About the platform integration

With the Bixby platform integration for the Jovo Framework, you can outsource your code logic to your Jovo application, while maintaining your Bixby models inside your capsule. This allows you to develop precise capsule functionality, while still being able to develop for other platforms with the same codebase. This is possible by providing Bixby with remote endpoints, sending a request on every user utterance, if it matches an intent provided by your capsule. In that case, the Jovo instance acts as a server, receiving those requests and mapping them inside the Jovo Handler.

Getting Started

Setting up your Jovo app

To get started, the first thing you'll need is our Bixby Hello World Template. Not only does it come with our Hello World Example, it also includes all Bixby models required for the integration to work properly. You can download it using the following command:

You can also find the Github repository here.

Then, start the development server of your voice app, which gives you a webhook url as an endpoint. Copy this url, you will need it in a second.

Terminal

Installing Bixby Studio

Next up, you need to download the Bixby Developer Studio. It functions as an IDE and allows you to develop, test and publish your capsules. Although you can edit your capsule files in your own environment, we strongly recommend using Bixby Studio for all your work inside the capsule, as external changes can easily break it or lead to undesired behavior.

You can download the Bixby Developer Studio here.

After the installation has finished, start Bixby Studio and open the capsule by going to File -> Open Capsule... -> ./platforms/bixby/.

Bixby Studio

Bixby Studio

Configuring your capsule

In the left panel, you should now see your capsule playground.jovo_test with a bunch of folders and files. Don't worry, we'll go through each of them in a minute. For now, open the training tool by selecting the file ./resources/en/training and compile your training model by clicking on Compile NL Model. This will generate a plan for every utterance, defining the exact route Bixby is going to take and what inputs to gather, when the corresponding utterance is triggered.

Bixby Studio

Now you need to provide Bixby with a remote url, so it knows where to send requests to upon a user prompt.

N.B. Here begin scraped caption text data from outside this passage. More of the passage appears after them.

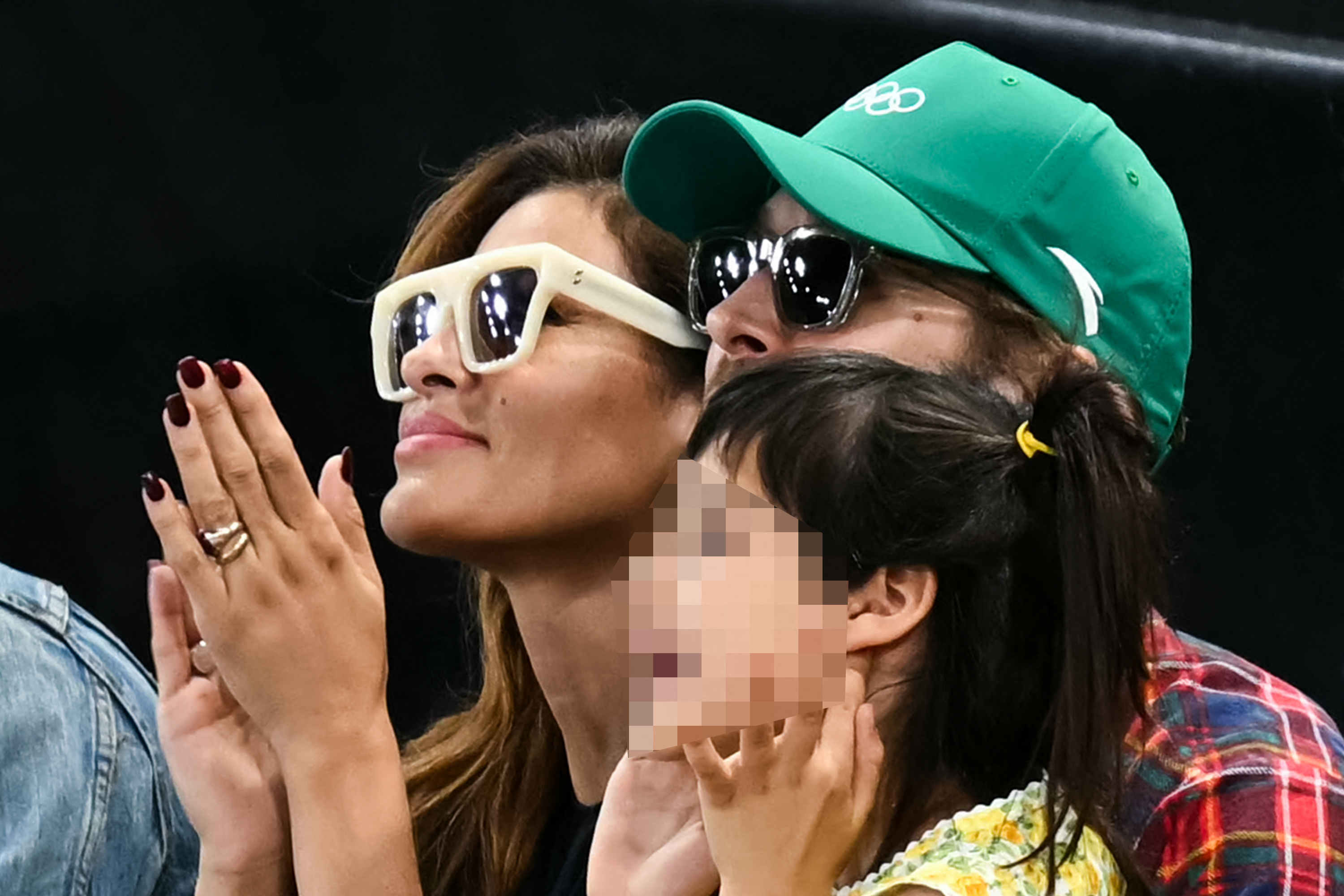 Eva Mendes and Ryan Gosling watching the women’s uneven bars final at the Bercy Arena during the 2024 Paris Olympics on August 4, 2024 | Source: Getty Images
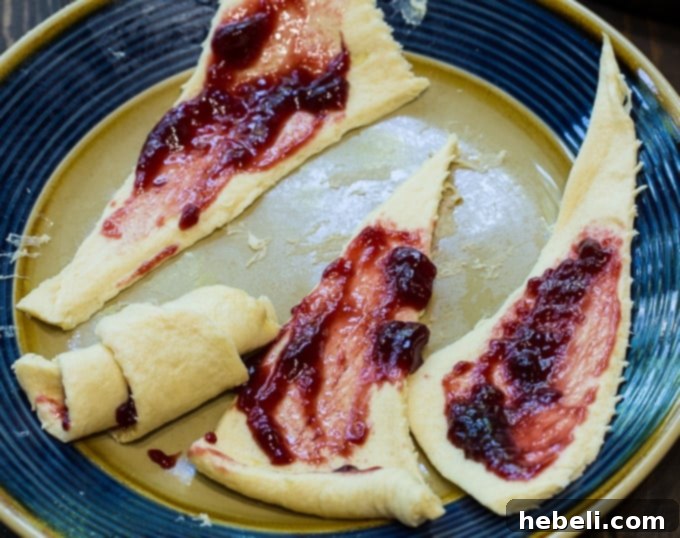 Golden Crescent Coffee Swirl 4 Serving of Crescent Roll Coffee Cake on a plate, showing the flaky layers and fruit filling.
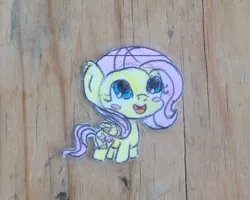 Size: 1280x1024 | Tagged: safe, artist:ladyeleanork, derpibooru import, fluttershy, pegasus, pony, blush sticker, blushing, chibi, cropped, folded wings, irl, looking up, open mouth, photo, smiling, solo, traditional art, wings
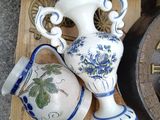 many vases and a clock sitting on a table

To do this, open the file ./resources/base/capsule.properties and paste your copied webhook url into the respective property field.

Running your first query

To finally test your capsule, open the Bixby Simulator, which allows you to test your capsule in a variety of simulated scenarios and analyze the execution graph of your last tested utterance. You can launch it by going to View -> Open Simulator or by clicking on the Bixby Simulator button:

Terminal

Enter "open jovo test capsule" as your first utterance and select Run NL to run it.

Terminal

Congrats, you just ran your first query in your capsule. Now, let's go into detail of what the individual files of your capsule mean.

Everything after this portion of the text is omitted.